── SOURCE MATERIAL
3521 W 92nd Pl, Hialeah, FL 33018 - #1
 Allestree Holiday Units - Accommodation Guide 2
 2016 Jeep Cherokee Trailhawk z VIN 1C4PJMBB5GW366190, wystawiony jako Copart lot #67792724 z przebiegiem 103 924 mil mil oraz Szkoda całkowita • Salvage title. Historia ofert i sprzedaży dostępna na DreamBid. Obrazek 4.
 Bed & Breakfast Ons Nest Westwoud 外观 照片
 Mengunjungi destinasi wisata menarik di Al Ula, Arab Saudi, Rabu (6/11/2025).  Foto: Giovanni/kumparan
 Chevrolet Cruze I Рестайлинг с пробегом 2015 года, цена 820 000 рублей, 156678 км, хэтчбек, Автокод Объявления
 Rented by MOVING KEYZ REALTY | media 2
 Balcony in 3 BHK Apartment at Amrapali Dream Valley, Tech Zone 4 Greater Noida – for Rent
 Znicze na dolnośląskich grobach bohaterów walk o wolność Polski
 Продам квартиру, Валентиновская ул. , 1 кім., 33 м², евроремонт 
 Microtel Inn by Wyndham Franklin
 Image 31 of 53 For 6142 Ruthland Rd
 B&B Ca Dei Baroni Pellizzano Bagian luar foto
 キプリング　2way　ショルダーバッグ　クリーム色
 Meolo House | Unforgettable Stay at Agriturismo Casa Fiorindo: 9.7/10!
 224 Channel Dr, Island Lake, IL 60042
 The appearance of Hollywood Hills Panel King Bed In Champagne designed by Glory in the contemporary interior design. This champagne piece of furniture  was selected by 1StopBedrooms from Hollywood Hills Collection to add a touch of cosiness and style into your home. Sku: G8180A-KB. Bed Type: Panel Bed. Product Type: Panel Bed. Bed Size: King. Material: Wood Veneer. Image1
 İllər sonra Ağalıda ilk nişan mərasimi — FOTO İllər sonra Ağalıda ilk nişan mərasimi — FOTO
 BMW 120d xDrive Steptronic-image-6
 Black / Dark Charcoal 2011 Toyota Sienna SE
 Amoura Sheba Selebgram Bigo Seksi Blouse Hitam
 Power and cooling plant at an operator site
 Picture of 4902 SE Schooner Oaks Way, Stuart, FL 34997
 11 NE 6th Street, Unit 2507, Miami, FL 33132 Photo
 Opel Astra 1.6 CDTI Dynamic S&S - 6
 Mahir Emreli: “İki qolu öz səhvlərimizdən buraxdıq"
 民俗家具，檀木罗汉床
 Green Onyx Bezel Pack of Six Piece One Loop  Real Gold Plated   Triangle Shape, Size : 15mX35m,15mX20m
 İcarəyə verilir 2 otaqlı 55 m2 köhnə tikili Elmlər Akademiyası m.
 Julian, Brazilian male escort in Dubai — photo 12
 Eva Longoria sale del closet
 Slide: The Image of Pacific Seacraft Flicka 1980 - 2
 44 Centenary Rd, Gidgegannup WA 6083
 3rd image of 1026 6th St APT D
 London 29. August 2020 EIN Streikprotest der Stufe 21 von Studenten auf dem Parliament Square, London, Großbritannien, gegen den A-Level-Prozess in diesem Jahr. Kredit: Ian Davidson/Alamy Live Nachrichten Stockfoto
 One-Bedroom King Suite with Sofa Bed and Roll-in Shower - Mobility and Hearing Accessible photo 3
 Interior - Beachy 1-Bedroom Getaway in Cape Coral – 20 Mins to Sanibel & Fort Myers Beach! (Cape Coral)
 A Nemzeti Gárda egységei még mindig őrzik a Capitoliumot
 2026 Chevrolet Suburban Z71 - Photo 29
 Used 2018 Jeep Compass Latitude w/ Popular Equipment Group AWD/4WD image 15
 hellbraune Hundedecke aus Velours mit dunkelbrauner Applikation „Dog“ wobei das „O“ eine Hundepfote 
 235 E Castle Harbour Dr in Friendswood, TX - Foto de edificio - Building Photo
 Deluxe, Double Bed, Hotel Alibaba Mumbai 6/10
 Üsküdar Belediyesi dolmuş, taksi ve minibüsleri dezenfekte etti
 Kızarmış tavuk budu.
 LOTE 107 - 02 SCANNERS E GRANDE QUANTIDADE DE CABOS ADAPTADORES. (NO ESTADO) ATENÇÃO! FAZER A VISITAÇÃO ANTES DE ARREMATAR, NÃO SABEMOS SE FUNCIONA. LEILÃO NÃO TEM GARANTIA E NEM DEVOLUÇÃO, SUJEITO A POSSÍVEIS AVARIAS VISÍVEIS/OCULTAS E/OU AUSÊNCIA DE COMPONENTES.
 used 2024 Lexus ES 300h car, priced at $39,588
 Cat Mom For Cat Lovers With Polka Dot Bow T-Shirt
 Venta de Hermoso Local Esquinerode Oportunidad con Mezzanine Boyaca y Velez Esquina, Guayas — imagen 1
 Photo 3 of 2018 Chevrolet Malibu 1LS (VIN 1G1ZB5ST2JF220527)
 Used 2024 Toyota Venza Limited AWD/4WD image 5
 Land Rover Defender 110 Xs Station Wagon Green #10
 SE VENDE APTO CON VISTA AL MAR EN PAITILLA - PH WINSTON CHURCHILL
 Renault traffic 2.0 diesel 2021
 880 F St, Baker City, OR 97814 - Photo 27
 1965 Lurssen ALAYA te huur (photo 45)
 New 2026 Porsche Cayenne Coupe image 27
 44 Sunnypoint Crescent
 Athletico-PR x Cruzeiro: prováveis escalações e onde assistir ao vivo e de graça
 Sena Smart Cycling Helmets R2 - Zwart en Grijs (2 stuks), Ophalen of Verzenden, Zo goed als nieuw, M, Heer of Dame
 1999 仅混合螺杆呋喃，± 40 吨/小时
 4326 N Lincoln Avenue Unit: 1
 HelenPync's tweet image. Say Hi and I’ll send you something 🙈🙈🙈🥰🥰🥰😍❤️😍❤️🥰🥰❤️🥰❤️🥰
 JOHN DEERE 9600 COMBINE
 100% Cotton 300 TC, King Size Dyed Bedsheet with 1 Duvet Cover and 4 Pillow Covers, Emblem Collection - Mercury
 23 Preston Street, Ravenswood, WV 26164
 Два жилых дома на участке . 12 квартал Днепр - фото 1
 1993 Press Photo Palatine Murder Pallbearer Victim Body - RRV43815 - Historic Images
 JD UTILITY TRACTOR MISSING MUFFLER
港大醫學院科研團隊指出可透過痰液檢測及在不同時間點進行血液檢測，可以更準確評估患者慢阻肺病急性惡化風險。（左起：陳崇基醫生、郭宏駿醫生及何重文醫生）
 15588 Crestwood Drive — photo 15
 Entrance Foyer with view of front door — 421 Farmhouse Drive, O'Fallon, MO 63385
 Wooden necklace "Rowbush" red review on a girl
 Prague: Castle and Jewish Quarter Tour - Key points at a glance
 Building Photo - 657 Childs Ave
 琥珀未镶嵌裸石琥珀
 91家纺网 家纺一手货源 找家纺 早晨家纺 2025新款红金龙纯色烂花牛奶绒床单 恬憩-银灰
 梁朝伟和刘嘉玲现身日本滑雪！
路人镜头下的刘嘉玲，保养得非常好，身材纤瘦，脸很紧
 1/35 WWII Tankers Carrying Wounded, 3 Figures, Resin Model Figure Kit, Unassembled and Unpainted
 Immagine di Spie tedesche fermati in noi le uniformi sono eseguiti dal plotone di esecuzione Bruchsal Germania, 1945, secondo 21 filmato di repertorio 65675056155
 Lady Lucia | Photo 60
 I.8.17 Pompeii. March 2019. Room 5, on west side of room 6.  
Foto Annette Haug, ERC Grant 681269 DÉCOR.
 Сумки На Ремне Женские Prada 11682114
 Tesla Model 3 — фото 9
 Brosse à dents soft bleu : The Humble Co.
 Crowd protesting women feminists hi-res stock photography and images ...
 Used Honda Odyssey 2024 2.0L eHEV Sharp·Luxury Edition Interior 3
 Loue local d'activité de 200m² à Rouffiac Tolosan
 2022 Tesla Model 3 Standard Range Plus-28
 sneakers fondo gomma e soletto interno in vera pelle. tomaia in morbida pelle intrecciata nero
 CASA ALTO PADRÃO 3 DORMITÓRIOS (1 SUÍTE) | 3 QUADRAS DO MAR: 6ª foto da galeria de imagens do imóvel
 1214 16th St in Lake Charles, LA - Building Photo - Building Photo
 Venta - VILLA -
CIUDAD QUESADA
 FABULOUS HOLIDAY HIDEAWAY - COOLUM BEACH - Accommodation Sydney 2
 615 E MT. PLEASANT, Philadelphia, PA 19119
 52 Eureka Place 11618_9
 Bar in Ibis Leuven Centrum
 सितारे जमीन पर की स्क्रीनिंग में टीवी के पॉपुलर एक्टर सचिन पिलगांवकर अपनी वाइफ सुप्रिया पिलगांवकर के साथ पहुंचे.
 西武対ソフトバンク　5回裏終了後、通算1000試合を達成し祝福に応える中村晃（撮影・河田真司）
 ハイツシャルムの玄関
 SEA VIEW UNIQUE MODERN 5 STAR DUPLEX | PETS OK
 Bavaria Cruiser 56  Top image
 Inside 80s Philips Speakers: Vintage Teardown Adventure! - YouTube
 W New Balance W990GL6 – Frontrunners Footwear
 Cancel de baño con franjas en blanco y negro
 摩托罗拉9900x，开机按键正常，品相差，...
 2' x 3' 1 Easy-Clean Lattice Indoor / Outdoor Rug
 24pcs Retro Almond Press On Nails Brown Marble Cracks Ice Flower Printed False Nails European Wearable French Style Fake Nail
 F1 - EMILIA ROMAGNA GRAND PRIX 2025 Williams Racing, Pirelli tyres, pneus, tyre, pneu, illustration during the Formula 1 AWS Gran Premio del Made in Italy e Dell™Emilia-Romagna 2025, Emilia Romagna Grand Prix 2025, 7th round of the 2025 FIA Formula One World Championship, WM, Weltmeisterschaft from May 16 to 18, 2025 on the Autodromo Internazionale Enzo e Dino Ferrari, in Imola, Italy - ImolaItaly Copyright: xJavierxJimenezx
────
### PROBLEM STATEMENT
Of all the entries above, output exactly the lines between the one holding "Tesla Model 3 — фото 9" and the one holding "FABULOUS HOLIDAY HIDEAWAY", inclusive.

### THE COMPLETED TASK
 Tesla Model 3 — фото 9
 Brosse à dents soft bleu : The Humble Co.
 Crowd protesting women feminists hi-res stock photography and images ...
 Used Honda Odyssey 2024 2.0L eHEV Sharp·Luxury Edition Interior 3
 Loue local d'activité de 200m² à Rouffiac Tolosan
 2022 Tesla Model 3 Standard Range Plus-28
 sneakers fondo gomma e soletto interno in vera pelle. tomaia in morbida pelle intrecciata nero
 CASA ALTO PADRÃO 3 DORMITÓRIOS (1 SUÍTE) | 3 QUADRAS DO MAR: 6ª foto da galeria de imagens do imóvel
 1214 16th St in Lake Charles, LA - Building Photo - Building Photo
 Venta - VILLA -
CIUDAD QUESADA
 FABULOUS HOLIDAY HIDEAWAY - COOLUM BEACH - Accommodation Sydney 2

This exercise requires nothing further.